La réaction de ces derniers a été immédiate. A l’agence Fides, Thomas Philips, prêtre de l’Eglise Mar Thoma syrienne de Malaisie et président du Malaysian Consultative Council of Buddhism, Christianity, Hinduism, Sikhism and Taoism, organe défendant les intérêts des non-musulmans de Malaisie, a déclaré : « Notre position est claire : nous entendons conserver le statu quo et nous défendrons la Constitution actuelle, qui protège les minorités et ne fait pas de la Malaisie un Etat islamique. Nous sommes opposés à toute modification qui conduirait à imposer la loi islamique via les ordonnances hududs. » Un responsable hindou, Mogan Shan, a pour sa part souligné que « les non-musulmans étaient déjà pénalisés par la législation actuelle, notamment en ce qui concernait les mariages mixtes » étant donné que le conjoint non musulman devait se convertir à l’islam. En dépit des conflits de juridiction occasionnés par l’existence de ce système judiciaire double (les cours islamiques étant réservées aux seuls musulmans et les cours civiles aux autres), les responsables religieux non musulmans rejettent tous l’imposition des hududs à l’ensemble des Malaisiens.

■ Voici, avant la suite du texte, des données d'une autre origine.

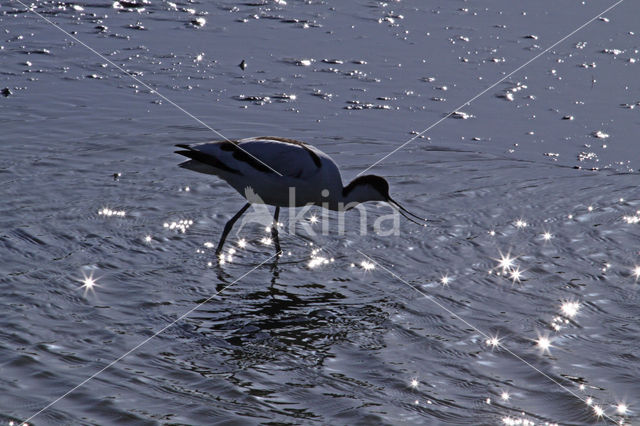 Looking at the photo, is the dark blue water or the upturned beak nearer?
the dark blue water

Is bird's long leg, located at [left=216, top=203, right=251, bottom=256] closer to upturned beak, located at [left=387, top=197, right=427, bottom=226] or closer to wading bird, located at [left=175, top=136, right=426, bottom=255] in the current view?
wading bird, located at [left=175, top=136, right=426, bottom=255]

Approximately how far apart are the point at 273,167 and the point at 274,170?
0.04 metres

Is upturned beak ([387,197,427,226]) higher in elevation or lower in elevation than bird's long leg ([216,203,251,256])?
higher

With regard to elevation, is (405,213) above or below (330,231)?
above

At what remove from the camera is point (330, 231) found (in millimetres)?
7492

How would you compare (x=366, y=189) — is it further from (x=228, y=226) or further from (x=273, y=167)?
(x=228, y=226)

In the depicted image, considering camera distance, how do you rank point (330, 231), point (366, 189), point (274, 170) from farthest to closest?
1. point (330, 231)
2. point (366, 189)
3. point (274, 170)

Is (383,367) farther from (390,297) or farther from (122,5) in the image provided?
(122,5)

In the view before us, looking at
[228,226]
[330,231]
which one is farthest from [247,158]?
[330,231]

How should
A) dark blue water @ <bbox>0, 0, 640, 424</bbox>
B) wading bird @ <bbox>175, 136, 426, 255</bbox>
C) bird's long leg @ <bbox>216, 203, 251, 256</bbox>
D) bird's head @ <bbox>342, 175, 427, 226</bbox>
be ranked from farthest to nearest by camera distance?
bird's head @ <bbox>342, 175, 427, 226</bbox>
wading bird @ <bbox>175, 136, 426, 255</bbox>
bird's long leg @ <bbox>216, 203, 251, 256</bbox>
dark blue water @ <bbox>0, 0, 640, 424</bbox>

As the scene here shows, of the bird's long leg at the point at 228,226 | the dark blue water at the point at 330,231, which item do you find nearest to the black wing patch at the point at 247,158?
the bird's long leg at the point at 228,226

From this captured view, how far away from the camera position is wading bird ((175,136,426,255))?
7.05 meters

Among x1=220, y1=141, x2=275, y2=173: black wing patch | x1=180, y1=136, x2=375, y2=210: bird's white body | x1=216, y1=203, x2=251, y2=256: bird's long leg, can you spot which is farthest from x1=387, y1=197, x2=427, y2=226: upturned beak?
x1=216, y1=203, x2=251, y2=256: bird's long leg

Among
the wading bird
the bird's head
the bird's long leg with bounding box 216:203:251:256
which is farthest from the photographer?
the bird's head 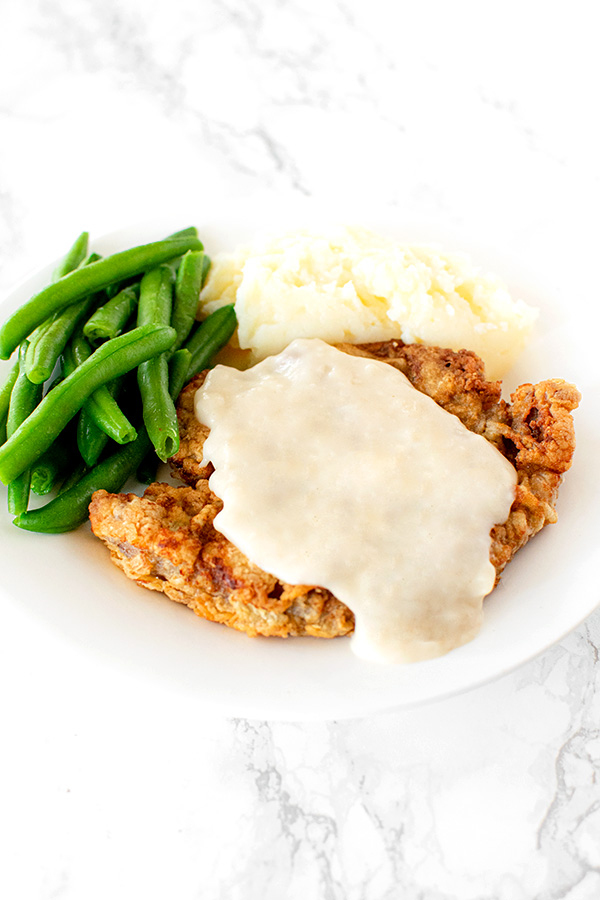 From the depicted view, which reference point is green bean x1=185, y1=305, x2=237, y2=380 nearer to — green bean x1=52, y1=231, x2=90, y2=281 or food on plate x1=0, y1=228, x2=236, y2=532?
food on plate x1=0, y1=228, x2=236, y2=532

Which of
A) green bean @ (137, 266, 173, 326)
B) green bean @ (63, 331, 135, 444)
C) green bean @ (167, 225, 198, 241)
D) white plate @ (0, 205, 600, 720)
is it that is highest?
green bean @ (167, 225, 198, 241)

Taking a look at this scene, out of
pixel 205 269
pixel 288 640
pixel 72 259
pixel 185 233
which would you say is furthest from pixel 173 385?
pixel 288 640

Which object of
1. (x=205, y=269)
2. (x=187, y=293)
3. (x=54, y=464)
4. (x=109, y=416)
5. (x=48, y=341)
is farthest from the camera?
(x=205, y=269)

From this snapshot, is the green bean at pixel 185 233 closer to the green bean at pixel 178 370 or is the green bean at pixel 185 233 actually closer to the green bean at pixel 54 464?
the green bean at pixel 178 370

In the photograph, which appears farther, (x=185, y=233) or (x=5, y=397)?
(x=185, y=233)

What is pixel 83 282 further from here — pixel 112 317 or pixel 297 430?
pixel 297 430

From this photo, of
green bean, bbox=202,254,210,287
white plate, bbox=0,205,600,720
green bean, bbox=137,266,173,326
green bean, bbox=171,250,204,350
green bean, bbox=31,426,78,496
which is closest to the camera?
white plate, bbox=0,205,600,720

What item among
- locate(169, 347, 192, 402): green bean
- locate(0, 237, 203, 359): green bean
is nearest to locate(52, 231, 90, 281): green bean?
locate(0, 237, 203, 359): green bean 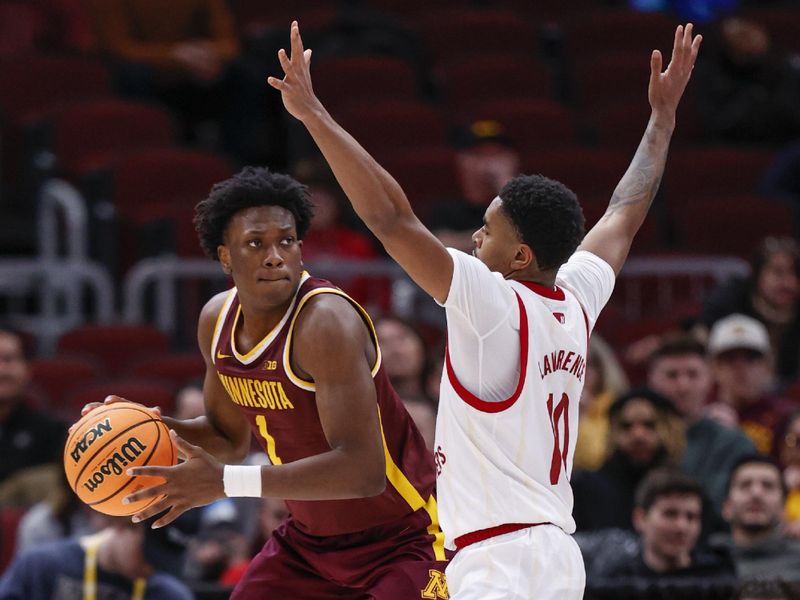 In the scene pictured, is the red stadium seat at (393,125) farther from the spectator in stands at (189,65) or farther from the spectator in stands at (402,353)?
the spectator in stands at (402,353)

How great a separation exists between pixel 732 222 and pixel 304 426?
638 centimetres

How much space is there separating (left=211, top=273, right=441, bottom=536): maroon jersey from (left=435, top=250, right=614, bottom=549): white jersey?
0.54 m

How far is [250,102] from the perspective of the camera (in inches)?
460

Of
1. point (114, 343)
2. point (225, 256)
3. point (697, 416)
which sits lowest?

Selon Thomas Philips, proposer aujourd’hui l’introduction des hududs « constitue une manœuvre électoraliste : étant donné l’imminence des élections, certains responsables veulent gagner des voix en touchant à des thèmes religieux. Nous demandons à tous de ne pas instrumentaliser la religion à des fins politiques. La campagne électorale doit être fondée sur les solutions à apporter aux problèmes réels des personnes et non sur l’exploitation d’arguments relatifs à la religion ».
De fait, la campagne électorale attise les passions. Pour le Barisan Nasional, la coalition au pouvoir depuis 54 ans et dominée par l’UMNO, l’enjeu est d’inverser la tendance imprimée lors des précédentes élections de 2008, au cours desquelles pour la première fois elle avait perdu la majorité symbolique des deux tiers qu’elle détenait au Parlement. L’opposition, emmenée par Anwar Ibrahim, compte quant à elle consolider sa percée, voire accéder au pouvoir. Dans ce combat, les uns comme les autres veillent à la fois à séduire l’électorat malais (et donc musulman) tout en n’effrayant pas les composantes minoritaires de la population (2). Mais, au sein de la société civile, le succès de la mobilisation populaire autour de Bersih (‘propre’ en malais), qui milite pour des élections dénuées de fraude, témoigne du désir d’une part grandissante de la population de ne plus se laisser définir en fonction de l’appartenance ethnique ou religieuse.